Typically, tail models like above model are fitted to only the window of development lags \(j \in [\rho_1, \rho_2]\), where \((\rho_1, \rho_2) \in {2,...,M}, \rho_1 < \rho_2\), are chosen by an analyst based on where the tail process is assumed to begin and end. In practice, this can be accomplished my mutating/clipping the triangle as a preprocessing step before fitting.

Model Fit Configuration

The ClassicalPowerTransform model above is fit using the following API call:

model = client.tail_model.create(
    triangle=...,
    name="example_name",
    model_type="ClassicalPowerTransform",
    config={ # default model_config
        "loss_definition": "paid",
        "lambda_": 1.0, # defaults to exponential decay shape
        "priors": None, # see defaults below
        "recency_decay": 1.0,
        "seed": None
    }
)

The ClassicalPowerTransform model accepts the following configuration parameters in config:

  • loss_definition: Name of loss field to model in the underlying triangle (e.g., "reported", "paid", or "incurred"). Defaults to "paid".

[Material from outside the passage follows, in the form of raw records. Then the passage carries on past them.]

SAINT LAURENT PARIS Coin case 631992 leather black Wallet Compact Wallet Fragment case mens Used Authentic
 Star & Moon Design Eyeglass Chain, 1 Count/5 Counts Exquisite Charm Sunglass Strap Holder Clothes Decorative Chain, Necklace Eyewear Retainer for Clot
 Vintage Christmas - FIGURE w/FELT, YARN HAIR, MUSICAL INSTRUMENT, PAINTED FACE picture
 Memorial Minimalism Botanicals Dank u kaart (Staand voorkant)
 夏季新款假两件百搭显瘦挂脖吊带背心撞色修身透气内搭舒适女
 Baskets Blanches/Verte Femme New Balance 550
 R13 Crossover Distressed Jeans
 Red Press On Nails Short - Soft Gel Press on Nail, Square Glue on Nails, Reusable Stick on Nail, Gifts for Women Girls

  • priors: Dictionary of prior distributions to use for model fitting. Default priors are:

{
    "dev_slope_offset__loc": 0.0,
    "dev_slope_offset__scale": 10.0,
    "sigma__loc": -4.0,
    "sigma__scale": 5.0,
    "dev_intercept__loc": 0.0,
    "dev_intercept__scale": 100.0,
}

  • recency_decay: Likelihood weight decay to down-weight data from older evaluation dates. Defaults to 1.0, which means no decay. If set to a value between 0.0 and 1.0, the likelihood of older evaludation dates will be downweighted by a geometric decay function with factor recency_decay. See Geometric decay weighting for more information.

  • seed: Random seed for model fitting.

Model Predict Configuration

The ClassicalPowerTransform model is used to predict future losses using the following API call:

predictions = model.tail_model.predict(
    triangle=...,
    config={ # default config
        "max_dev_lag": None,
        "include_process_noise": True,
    }
    target_triangle=None,
)

Note that although the ClassicalPowerTransform model is specified with age-to-age factors as the target variable, predictions are generated and returned to the user as losses.

Above, triangle is the triangle to use to start making predictions from and target_triangle is the triangle to make predictions on. For most use-cases, triangle will be the same triangle that was used in model fitting, and setting target_triangle=None will create a squared version of the modeled triangle. However, decoupling triangle and target_triangle means users could train the model on one triangle, and then make predictions starting from and/or on a different triangle. By default, predictions will be made out to the maximum development lag in triangle, but users can also set max_dev_lag in the configuration directly.

The ClassicalPowerTransform prediction behavior can be further changed with configuration parameters in config:

  • max_dev_lag: Maximum development lag to predict out to. If not specified, the model will predict out to the maximum development lag in triangle. Note that GeneralizedBondy can be used to make predictions for development lags beyond the last development lag available in the training triangle, as there is a mechanism in the model to extrapolate out age-to-age beyond the training data.

  • eval_resolution: the resolution of the evaluation dates in the tail. Defaults to the evaluation date resolution in triangle. If triangle is from a single evaluation date, falls back to the resolution of the training data.

  • include_process_noise: Whether to include process noise in the predictions. Defaults to True, which generates posterior predictions from the mathematical model as specified above. If set to False, the model will generate predictions without adding process noise to the predicted losses. Referring to the mathematical expression above, this equates to obtaining the expectation given \(\mu_{ij}\) while not including the observation error \(\sigma^2\).